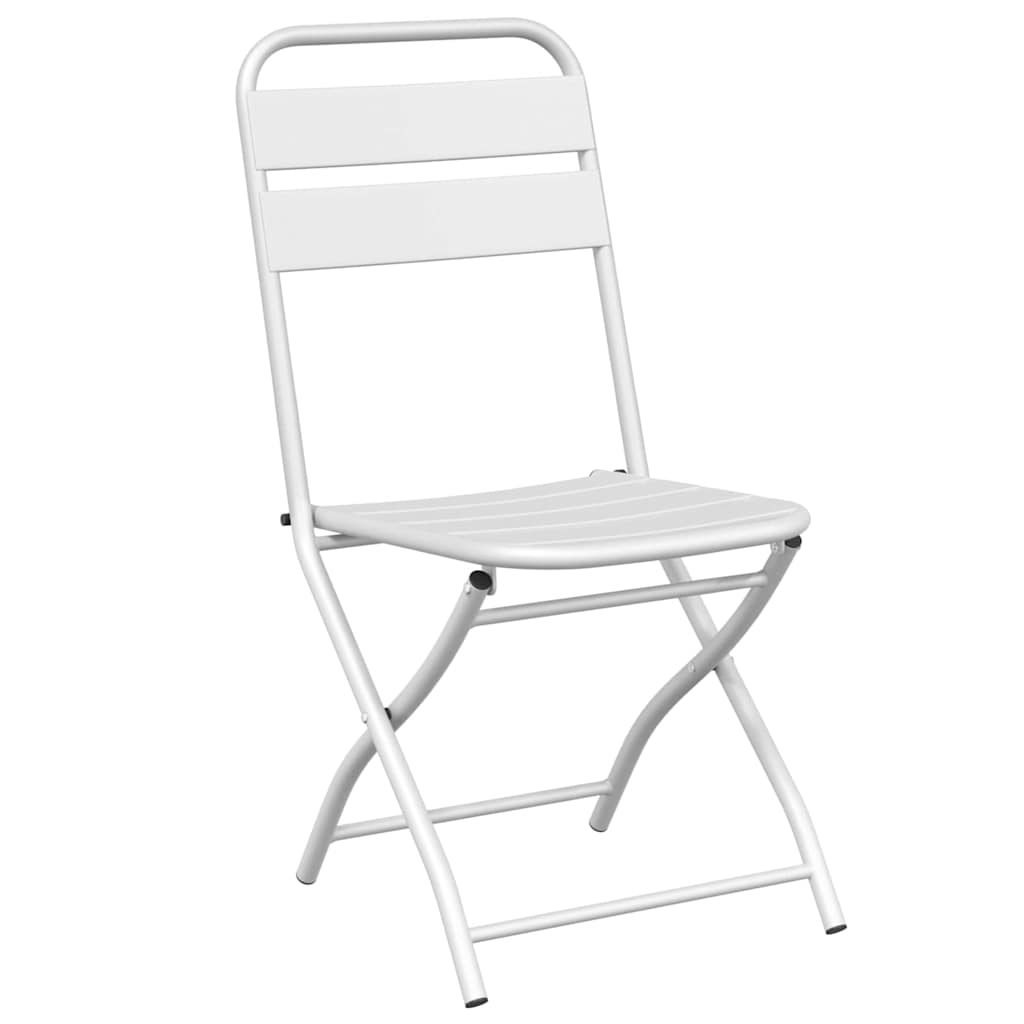 Garden Folding Chair Folding 2 pcs White 55 x 56.5 x 91cm Steel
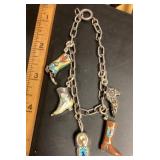 Sterling shoe charm bracelet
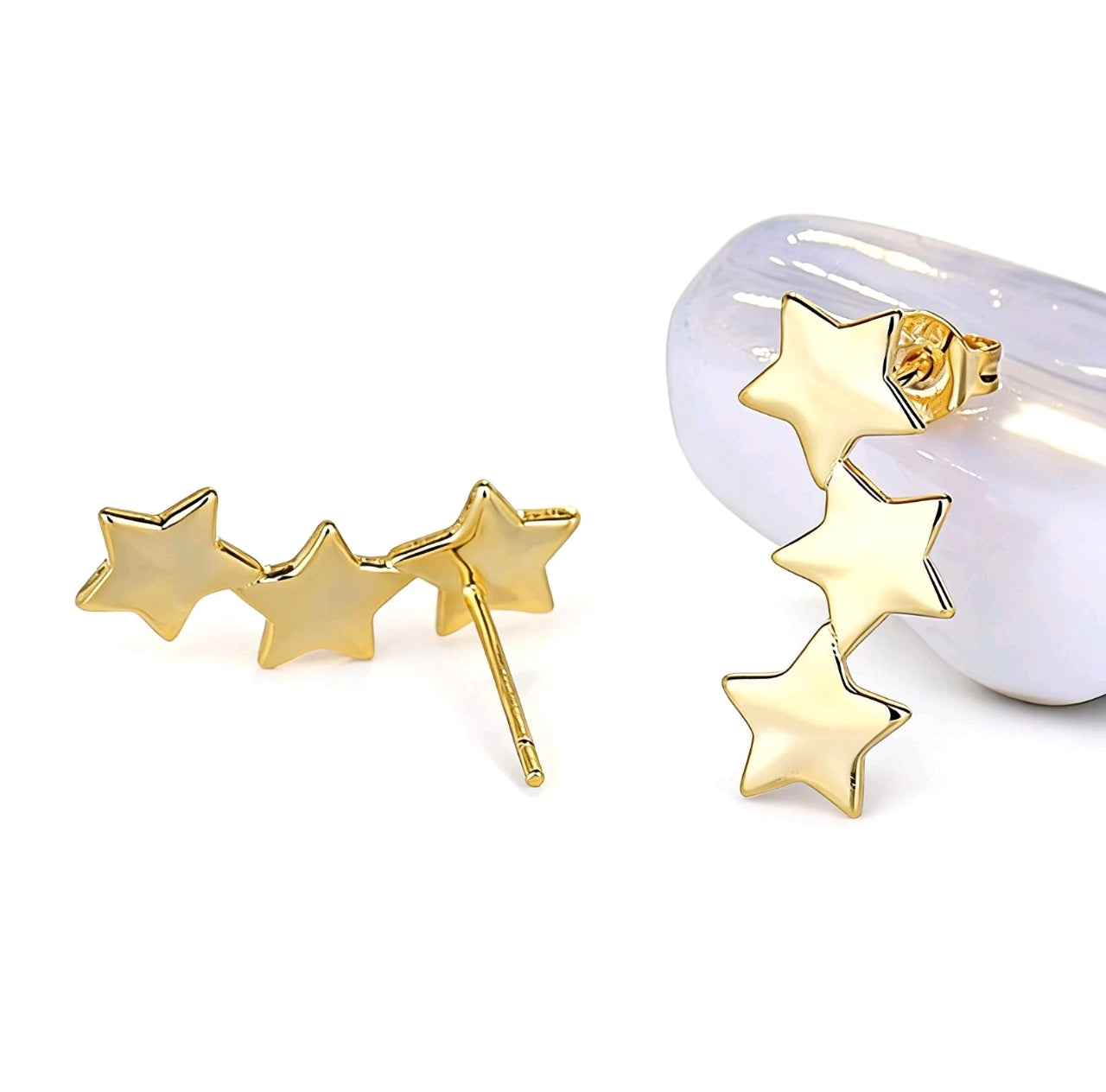 3 Star Curved Stud Earrings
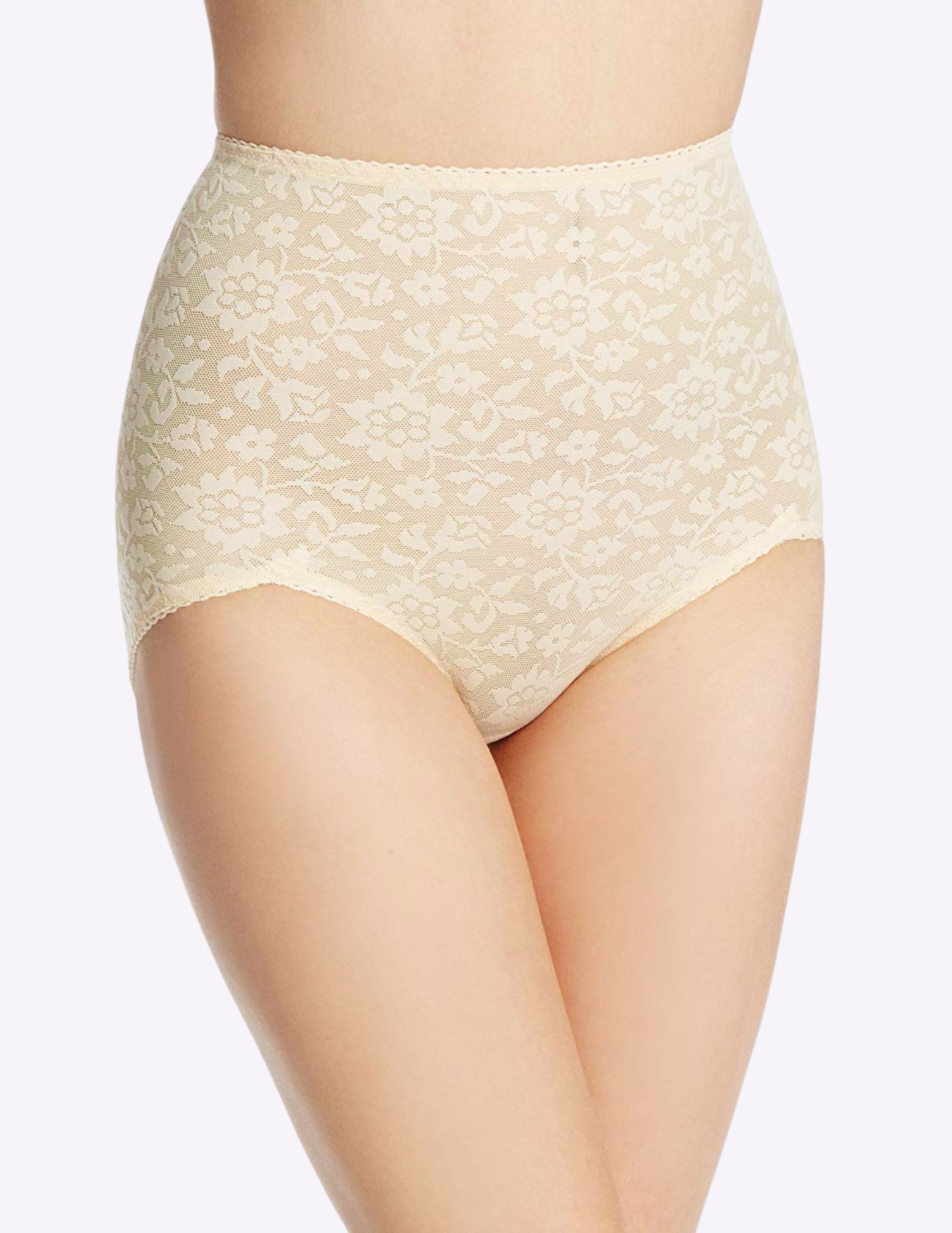 Front view of model wearing Rago 41 "V" panty in Beige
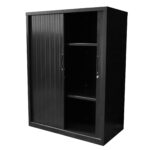GO Tambour Door Cupboard 900mm W 900 x 473mm Black - Image 5
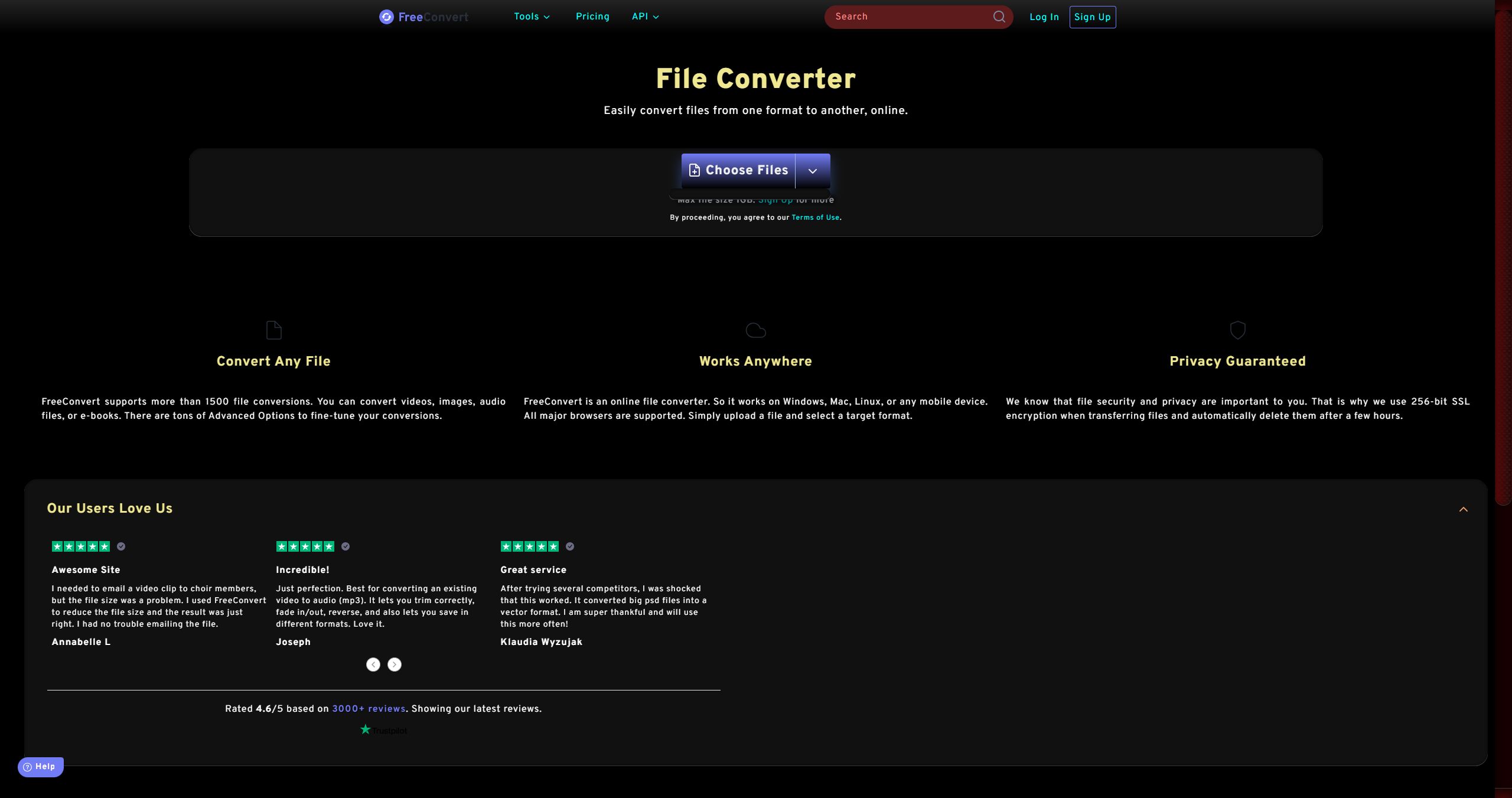 Screenshot of FreeConvert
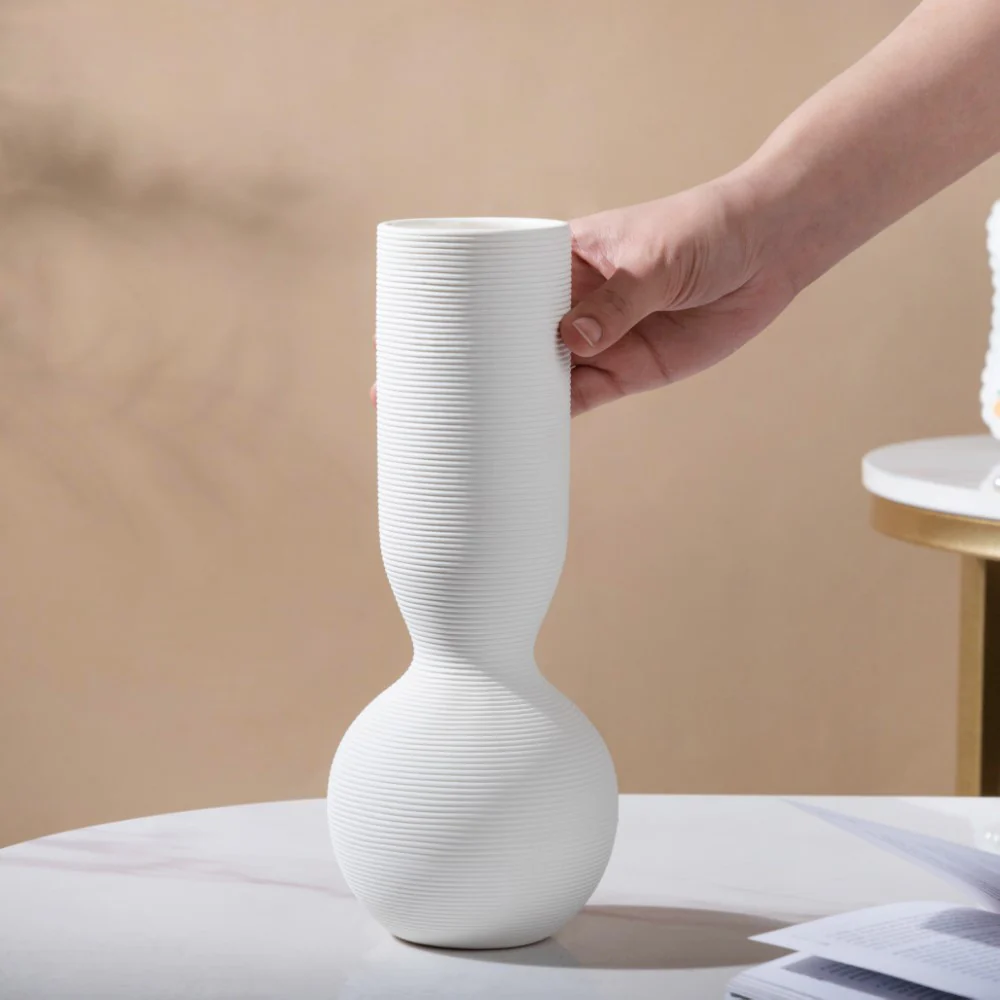 Scandinavian Round Bottom Ceramic Vase - Image 2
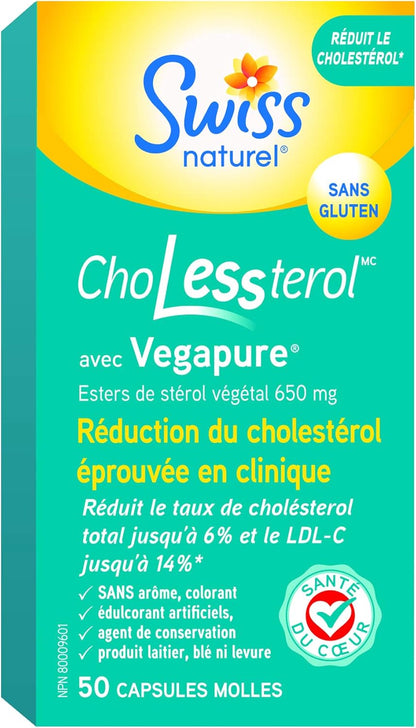 瑞士天然膽固醇，含Vegapure | 經臨床驗證，可降低低密度脂蛋白膽固醇，改善心臟健康 | 植物固醇酯 | 50粒軟膠囊 | 650毫克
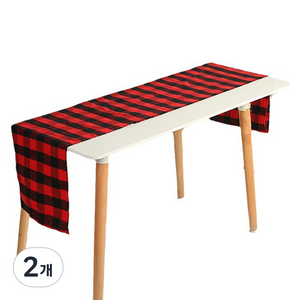 푸트로랩 롱 패턴 테이블 식탁 매트, 레드, 2개, 33 x 183 cm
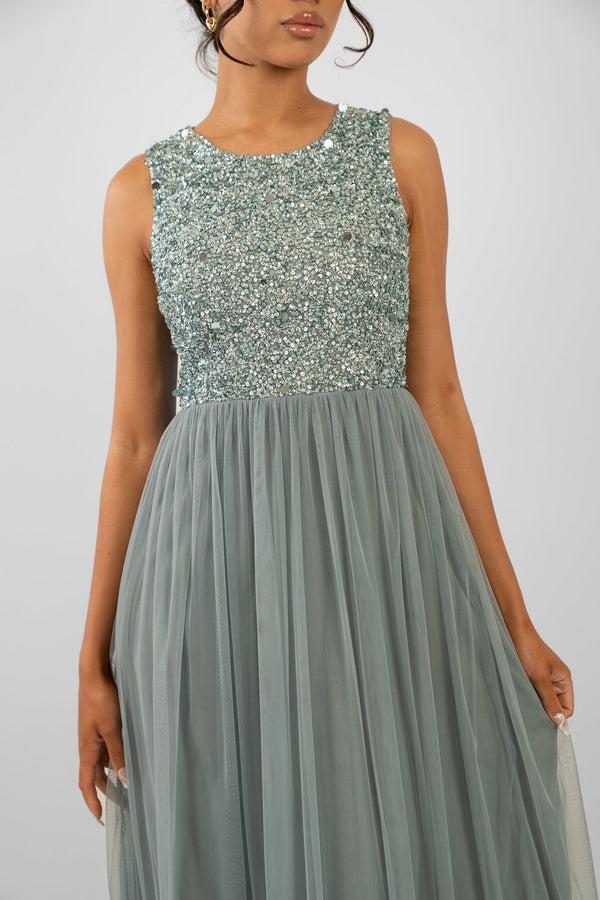 Lace & Beads Picasso Teal Embellished Bridesmaid Maxi Dress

> _What to do_
Pictures are not part of the copy. Reproduce the lines from the one with "3 Star Curved Stud Earrings" through the end of the listing above.

> _Finished task_
 3 Star Curved Stud Earrings
 Front view of model wearing Rago 41 "V" panty in Beige
GO Tambour Door Cupboard 900mm W 900 x 473mm Black - Image 5
 Screenshot of FreeConvert
 Scandinavian Round Bottom Ceramic Vase - Image 2
 瑞士天然膽固醇，含Vegapure | 經臨床驗證，可降低低密度脂蛋白膽固醇，改善心臟健康 | 植物固醇酯 | 50粒軟膠囊 | 650毫克
 푸트로랩 롱 패턴 테이블 식탁 매트, 레드, 2개, 33 x 183 cm
 Lace & Beads Picasso Teal Embellished Bridesmaid Maxi Dress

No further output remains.